» **AIM OF THE TASK**
Pull every line containing the word "front" out of the material below.

» **DATA EXTRACTS**
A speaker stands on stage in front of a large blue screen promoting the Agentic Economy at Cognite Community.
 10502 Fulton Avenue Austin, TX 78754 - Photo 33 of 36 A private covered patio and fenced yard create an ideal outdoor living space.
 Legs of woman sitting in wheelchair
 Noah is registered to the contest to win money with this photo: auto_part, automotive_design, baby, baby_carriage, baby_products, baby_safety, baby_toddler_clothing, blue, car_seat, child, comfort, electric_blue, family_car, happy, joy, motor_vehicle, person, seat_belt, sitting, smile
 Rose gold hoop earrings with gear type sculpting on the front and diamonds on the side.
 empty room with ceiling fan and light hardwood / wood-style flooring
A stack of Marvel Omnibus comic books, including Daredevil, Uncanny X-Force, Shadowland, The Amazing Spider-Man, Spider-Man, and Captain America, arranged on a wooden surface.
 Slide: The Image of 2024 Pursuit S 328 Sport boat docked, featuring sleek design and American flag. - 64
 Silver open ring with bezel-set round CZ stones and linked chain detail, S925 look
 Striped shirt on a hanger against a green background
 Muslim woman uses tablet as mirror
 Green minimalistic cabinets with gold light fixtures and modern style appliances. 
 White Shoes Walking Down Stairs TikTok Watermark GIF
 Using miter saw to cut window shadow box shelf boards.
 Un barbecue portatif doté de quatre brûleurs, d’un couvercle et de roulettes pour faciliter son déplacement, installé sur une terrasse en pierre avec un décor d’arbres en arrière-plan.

» **ANSWER TO THE EXERCISE**
A speaker stands on stage in front of a large blue screen promoting the Agentic Economy at Cognite Community.
 Rose gold hoop earrings with gear type sculpting on the front and diamonds on the side.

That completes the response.